**SOURCE DATA:**

———

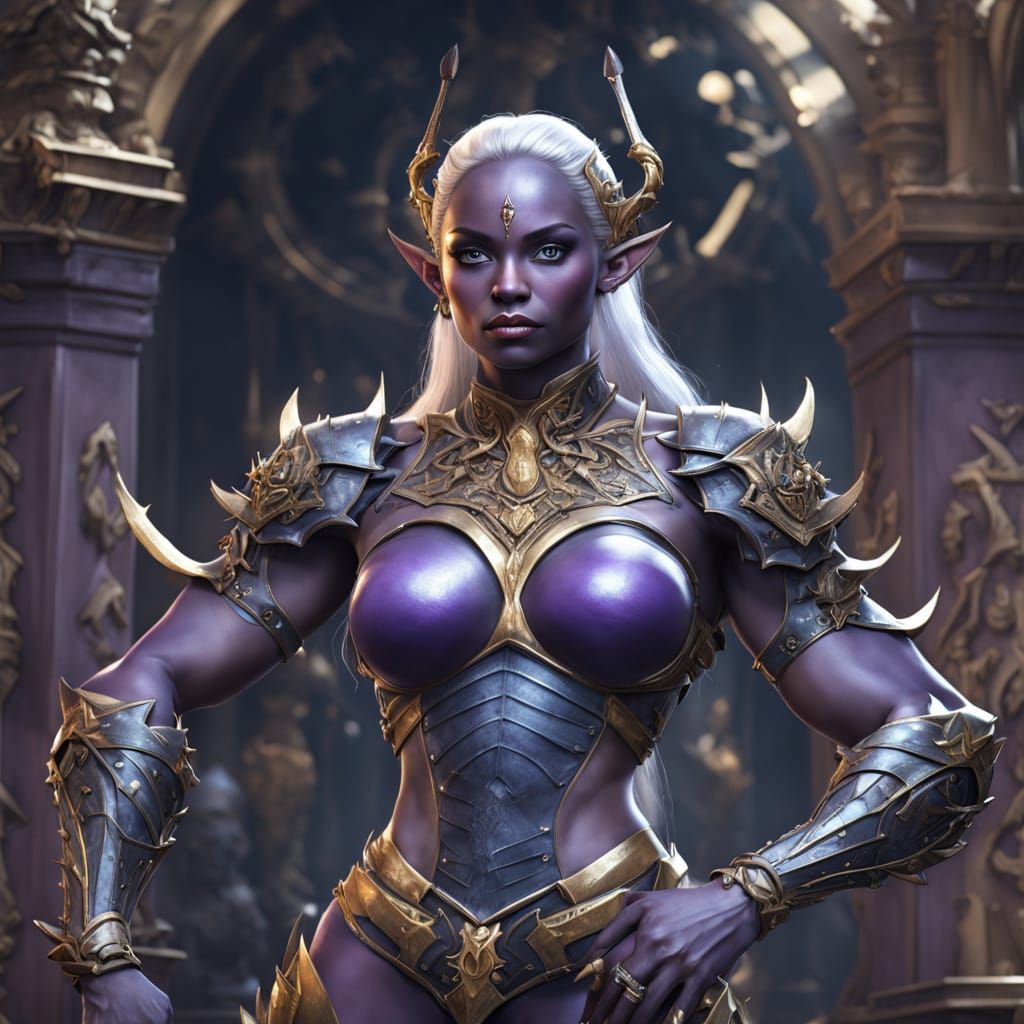 Beastly Drow Muscle Mommy Concept Art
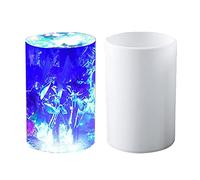 ISAKEN Moule Silicone Bougie Moule a Bougie Cylindrique Moule Bougie Moules Fabrication Bougies Moule Bougies Bricolage Artisanal pour Travaux Manuels Savon Chocolat 3D Cube Moules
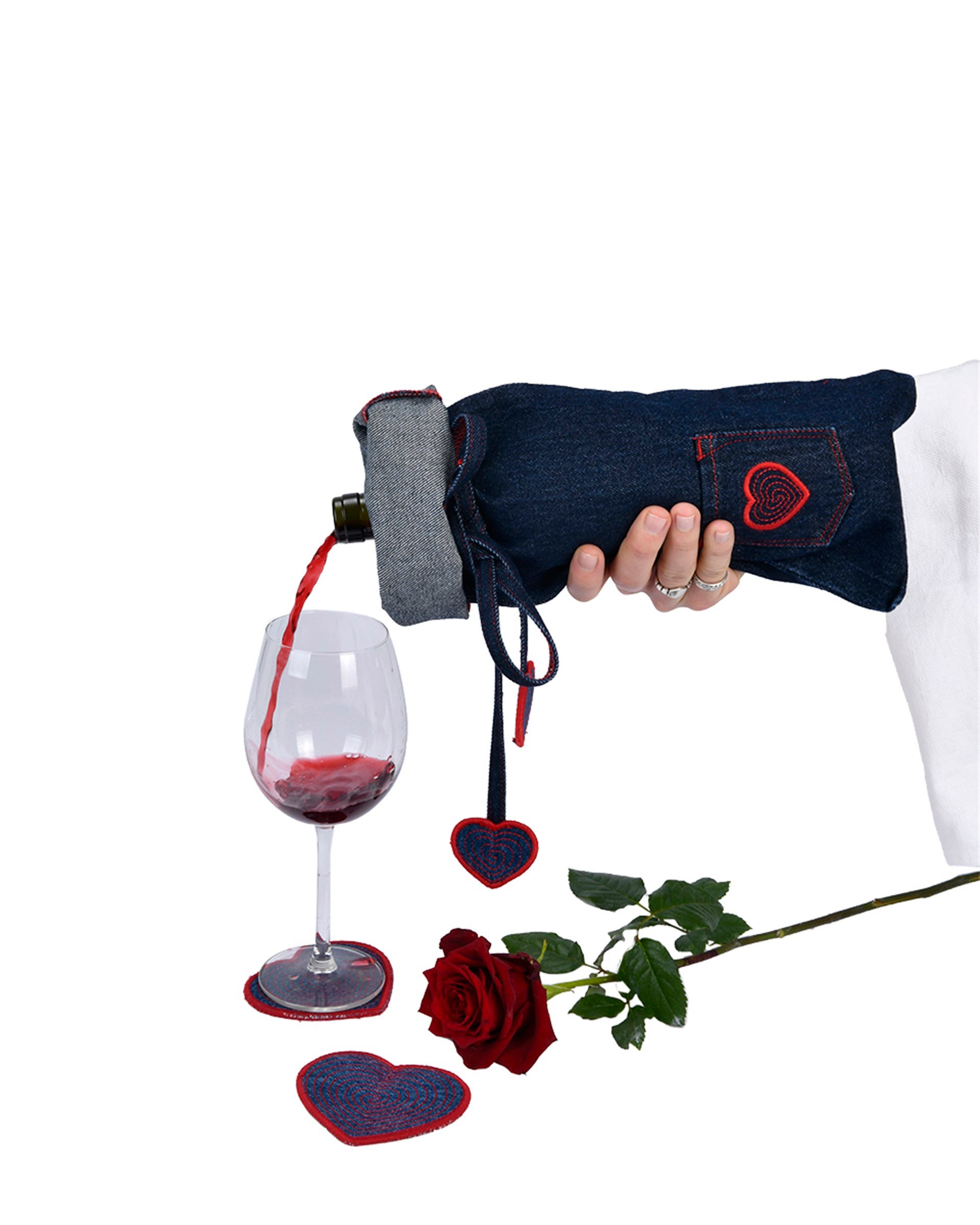 Kırmızı Nakışlı Denim Şaraplık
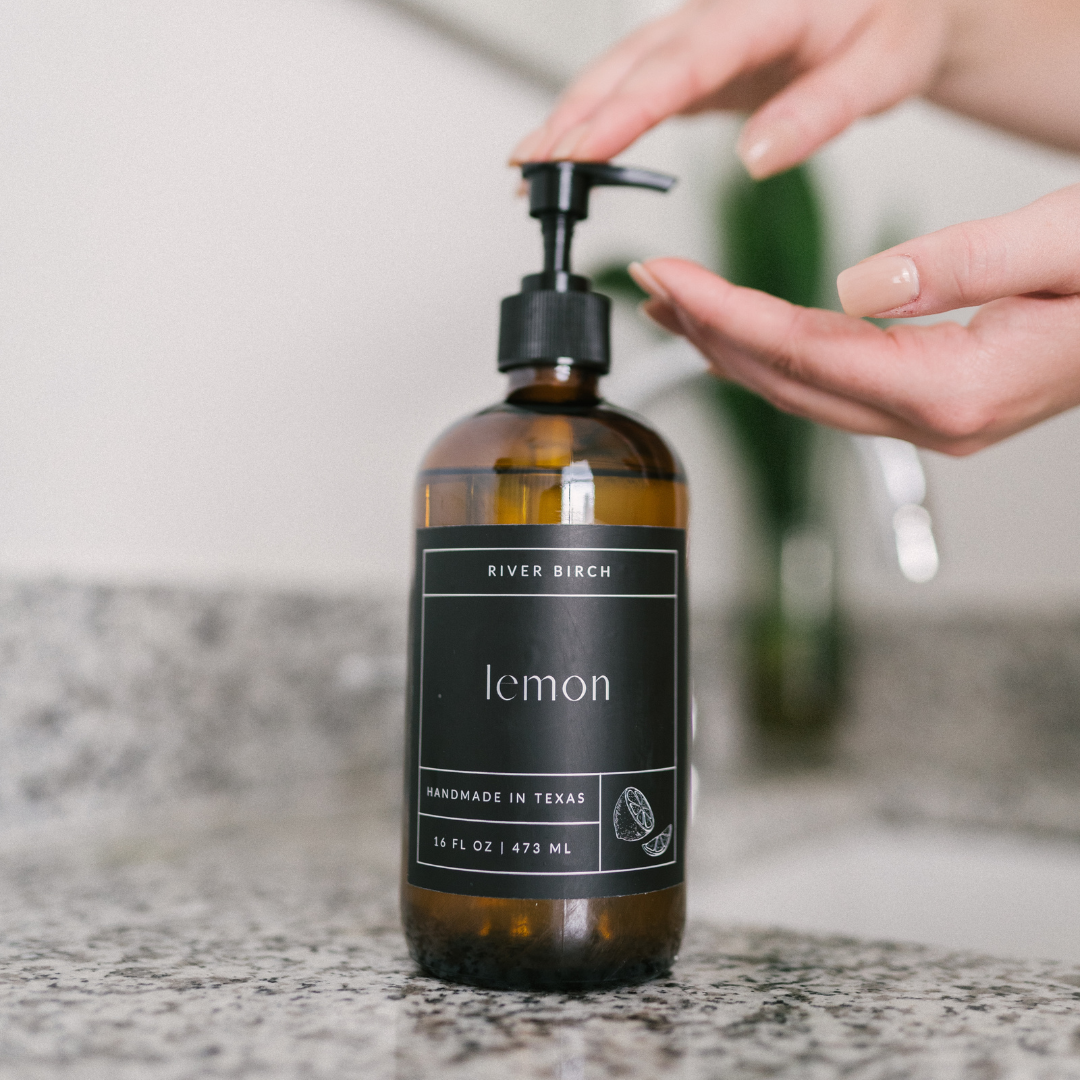 Lemon - 16 oz Amber Glass Soap - Handmade - Hand Wash Soap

———

**TASK TO CARRY OUT:** Copy every line of the listing above exactly. Leave each picture out.

**REPLY TO THE TASK:**
 Beastly Drow Muscle Mommy Concept Art
 ISAKEN Moule Silicone Bougie Moule a Bougie Cylindrique Moule Bougie Moules Fabrication Bougies Moule Bougies Bricolage Artisanal pour Travaux Manuels Savon Chocolat 3D Cube Moules
 Kırmızı Nakışlı Denim Şaraplık
 Lemon - 16 oz Amber Glass Soap - Handmade - Hand Wash Soap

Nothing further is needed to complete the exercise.